Unless the context requires otherwise,
references to “we,” “us,” “our,” or “Enterprise” within the context of this
Current Report refer to the business and operations of Enterprise Products
Partners L.P. and its consolidated subsidiaries. References to “EPCO”
refer to Enterprise Products Company (formerly EPCO, Inc.), a private company
affiliate of Enterprise and its ultimate parent company. References
to “DEP” or “Duncan Energy Partners” refer to Duncan Energy Partners L.P., which
is a consolidated subsidiary of Enterprise.
Use
of Non-GAAP financial measures
Our press
release and/or the webcast conference call discussion include the non-generally
accepted accounting principle (“non-GAAP”) financial measures of gross operating
margin, distributable cash flow and Adjusted EBITDA. The press
release provides reconciliations of these non-GAAP financial measures to their
most directly comparable financial measures calculated and presented in
accordance with U.S. generally accepted accounting principles
(“GAAP”).

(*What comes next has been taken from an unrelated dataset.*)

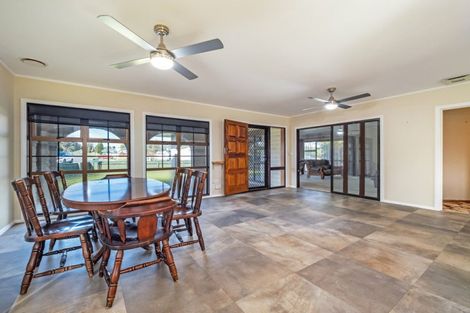 Photo of property in 73 Fergusson Street, Woodville, 4920
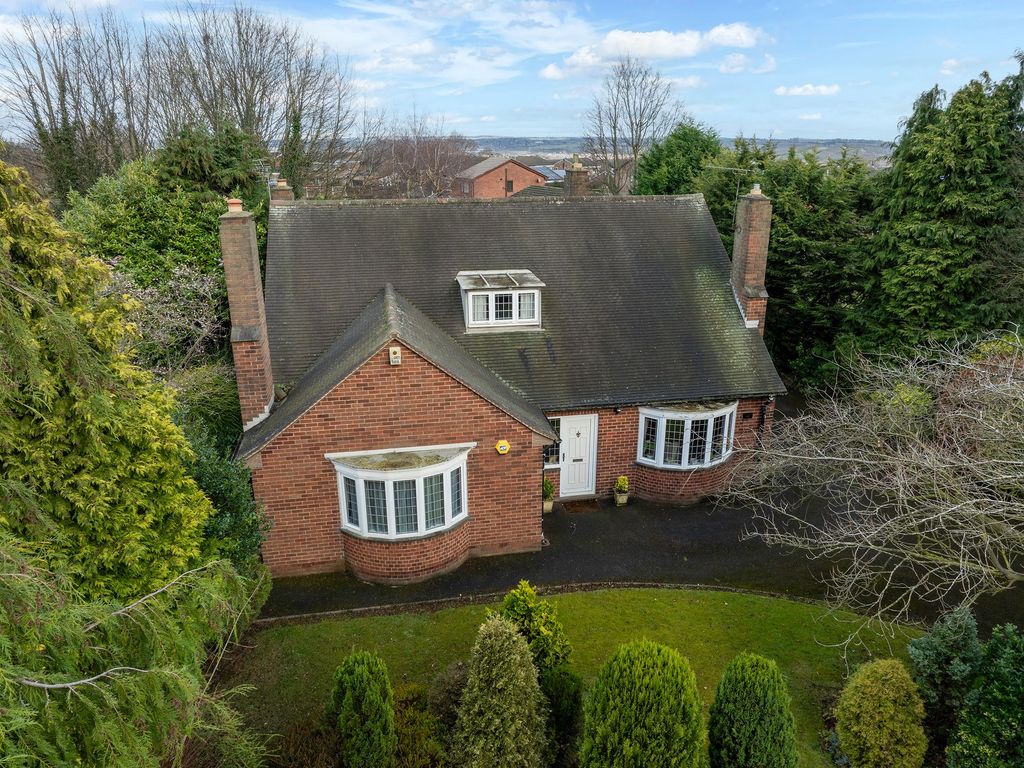 4 bed detached bungalow for sale in South Ridge, Hollow Lane, Mosborough, Sheffield S20, £475,000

Our non-GAAP financial measures should not be considered as
alternatives to GAAP measures such as net income, operating income, net cash
flows provided by operating activities or any other measure of financial
performance or liquidity calculated and presented in accordance with
GAAP. Our non-GAAP financial measures may not be comparable to
similarly-titled measures of other companies because they may not calculate such
measures in the same manner as we do.
Gross
operating margin. We evaluate segment performance based on the
non-GAAP financial measure of gross operating margin. Gross operating
margin (either in total or by individual segment) is an important performance
measure of the core profitability of our operations. This measure
forms the basis of our internal financial reporting and is used by management in
deciding how to allocate capital resources among business
segments. We believe that investors benefit from having access to the
same financial measures that our management uses in evaluating segment
results. The GAAP financial measure most directly comparable to
total segment gross operating margin is operating income.
We define
total segment gross operating margin as operating income before: (i)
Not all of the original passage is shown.